• _Exercise instructions_
Output the lines of the listing below exactly, starting at the line containing "Thank you all" and stopping after the last line, with any pictures dropped.

Top of Recorded information

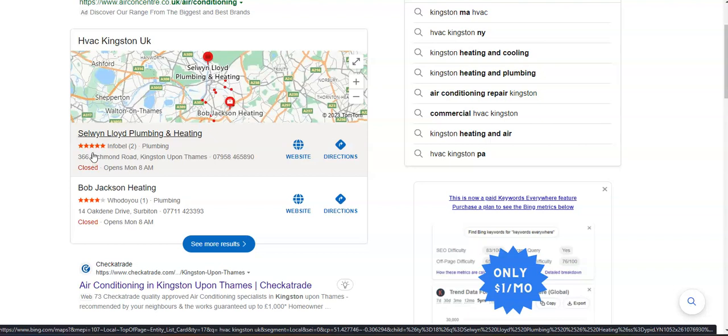And the third is putting your business name, address, and phone number into as many online directories as possible and directories are things like Yelp and Yellow Pages. Having your information in those online directories is really going to help power your profile.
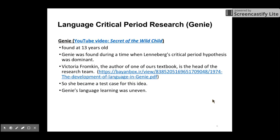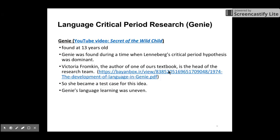Now let's talk about the second case, which is about Genie. You can click on the link to see a nice documentary video of Genie. When Genie was found, she was 13 years old. This is very interesting because when Genie was found, it was the period when the critical period hypothesis was dominant, so naturally her case became a test case for the hypothesis. One of our textbook authors, Victoria Fromkin, was the head of the research team doing research on Genie.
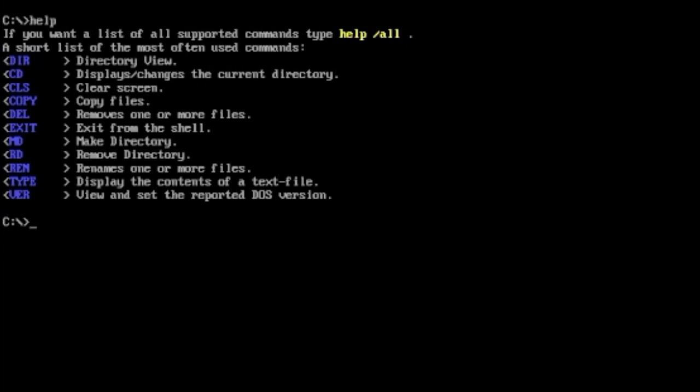If you want to remove files, DEL delete, exit from the shell. Make directory MD, that's cool. So if you want to make your own folders, they call them directories in DOS but nowadays we just call them folders. Remove directory RD, rename files REN, that's cool. Type displays the content of text files and view and set reported DOS version.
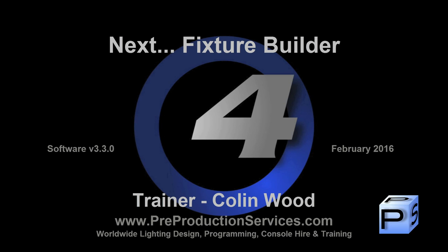In the next tutorial we will take a look at creating your own fixtures in the Fixture Builder. Thank you for watching.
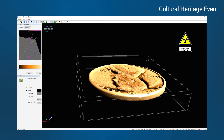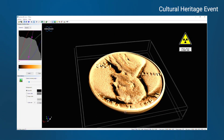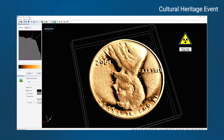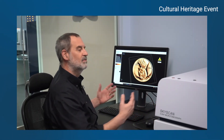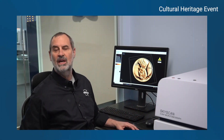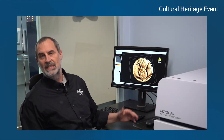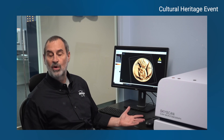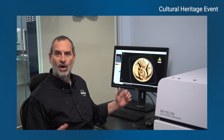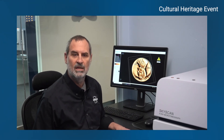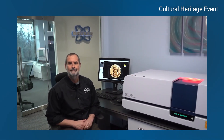There you go — we have a brand new penny, we can see it and read all the information. We could never have done that without this instrument, and we didn't even have to clean the penny. I hope you learned something — thanks for watching, have a good day.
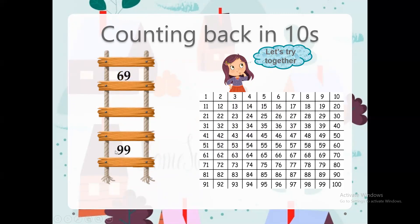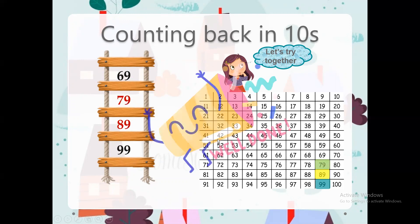Let's try another one. Now here you need to count backwards starting from 99. Remember, you need to count backwards in tens. So first you need to find 99 in the number chart — here we go, this is 99. Then you go backwards one block. The answer is 89. And then what comes before? Counting backwards in tens again, move backwards one block: 79. You're doing super, well done.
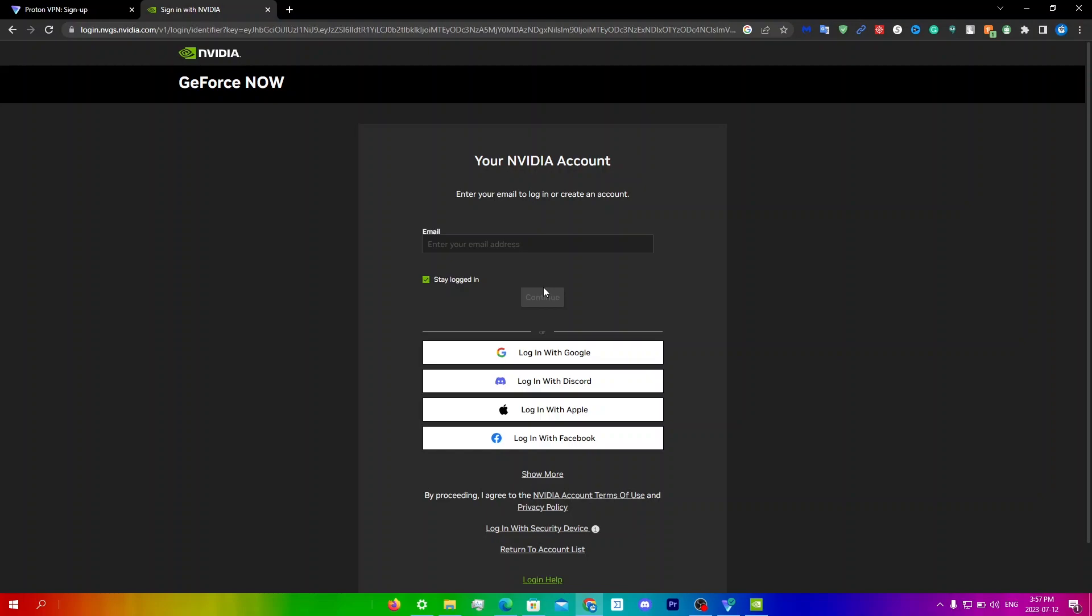One thing I do need to say is that you will lag a lot more with this method. So I will leave a video in the top right which shows you all the tips and tricks to reduce lag on GeForce Now. I highly recommend everybody watches that even if you're not going to use a VPN. Anyways, I hope this video helped, if it did please leave a like and subscribe, thanks for watching.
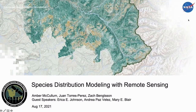Thank you all for joining us for part two of our series, Species Distribution Modeling with Remote Sensing. My name is Amber McCollum, and I'm providing this training with my colleagues Juan Torres-Perez and Zach Benston. Today we are so happy to be joined by guest speakers from the Wallace team: Erica Johnson, Andrea Paz-Velez, and Mary Blair.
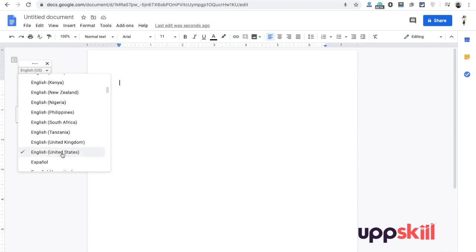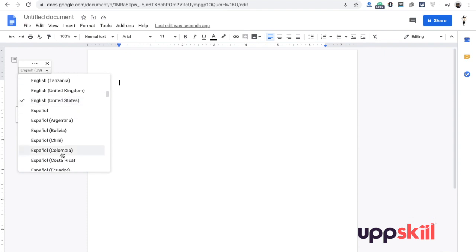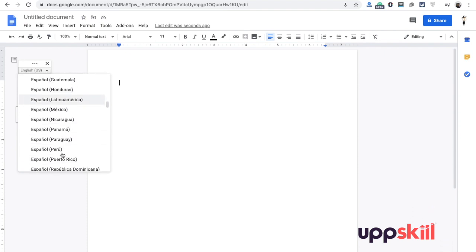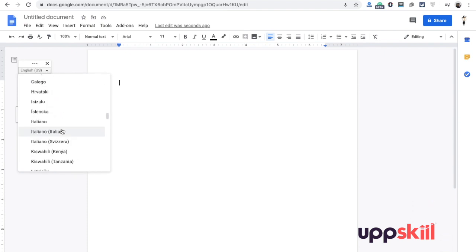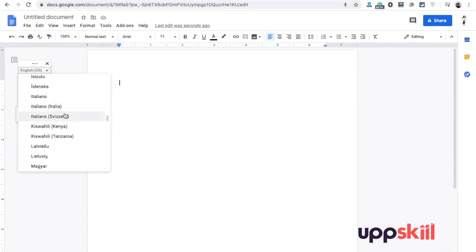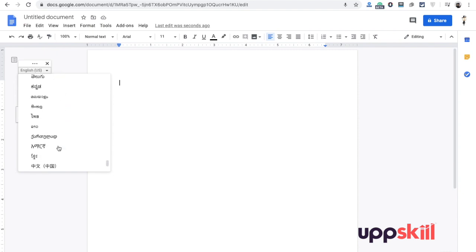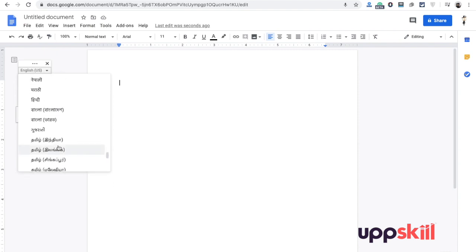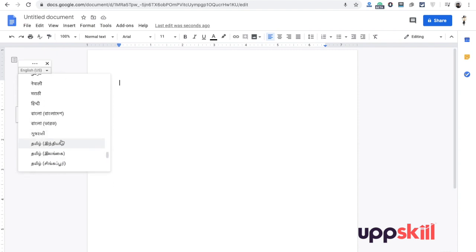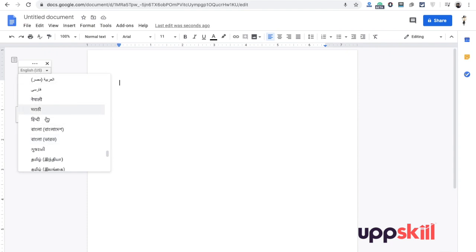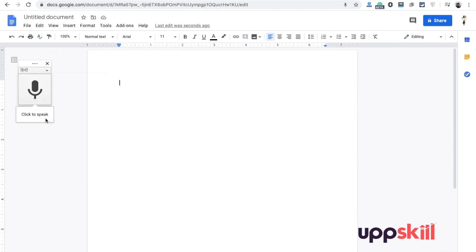You can change this to your language. If you search for Hindi, you will not find it immediately. You need to go down below. There are a lot of Indian languages here - Gujarati, Marathi, etc. I will select Hindi.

Bottom of Recorded information

• _Answer box_
Thank you all for joining us for part two of our series, Species Distribution Modeling with Remote Sensing. My name is Amber McCollum, and I'm providing this training with my colleagues Juan Torres-Perez and Zach Benston. Today we are so happy to be joined by guest speakers from the Wallace team: Erica Johnson, Andrea Paz-Velez, and Mary Blair.
You can change this to your language. If you search for Hindi, you will not find it immediately. You need to go down below. There are a lot of Indian languages here - Gujarati, Marathi, etc. I will select Hindi.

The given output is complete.